A few summers ago, the Giraffes' self-titled breakthrough established them as one of the best new hard rock bands since Queens of the Stone Age debuted. This year's Prime Motivator is The Giraffes x 1.5–longer, stronger, wronger and song-er than their ear-catching previous LP.
Roaring out of the gate instantly with the dizzying title track, the disoriented-sounding band somehow organize themselves ten seconds in and unleash a pile-driving riff-fest that's over before you wonder why your eardrums exploded. But the album really takes off on the second track, “Done,” with an entrancing, Zeppelin-esque lick that stays in your brain for hours. When singer Aaron Lazar boasts, "That's how we do it, and we do it so good!” in the final rejoinder, he may be delivering the year’s most understated chorus in a rock song. Elsewhere, the dance-punk "Discowarts" could win over a hipster crowd, and “(This is) Sickness” gets raised in octaves and ferociousness from its previous EP version, packing a two-and-half-minute punch without as much as a hint of the irony that befalls most modern hard rock acts. Like President Bush, these guys are shameless.
Riff architect Damian Paris has a knack for turning circus music and waltzing progressions into arena-worthy rock hooks, spilling out of his time signatures while drummer Andrew Totolos threatens to trounce him with increasingly complicated fills. Their foil is in Lazar, the composed eye of the hurricane amidst choatic numbers like “Smoke Machine.” Even when raising his voice, Lazar is more Vincent Price than Vincent Furnier, an articulate, commanding lounge-metal presence with vocal chops to boot. The less frenetic tracks, including the climactic “Clever Boy” and especially the nighthawk adventure “Louis Guthrie Wants to Kill Me,” seamlessly change the album's mood by staying imposing enough to not sound out of place.
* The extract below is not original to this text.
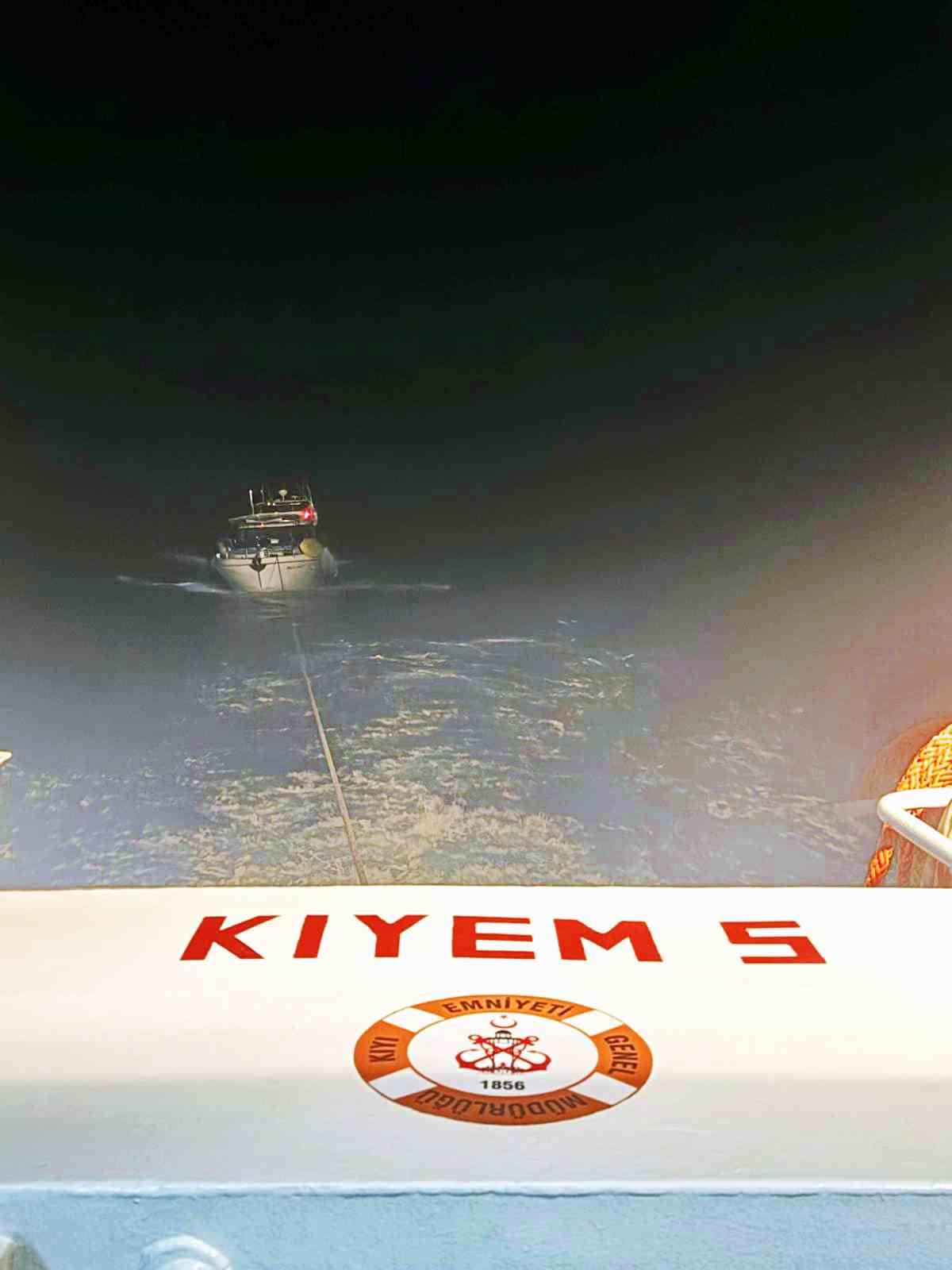 dalaman-aciklarinda-suruklenen-tekne-kurtarildi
When it all ends with the primal, skull-crushing wordless jam “E.S.F.,” arguably Prime Motivator’s highlight, one imagines that these guys would be as adept at scoring a noir or a spaghetti western as they would be roughing up a roomful of Niedermeyers.
Prime Motivator has so many plot twists that you might want to paint the city red and have a beer alone at 4AM, often during the same song. It's possible that Prime Motivator will drive you nuts, but then again some people never go crazy. What truly horrible lives they must live.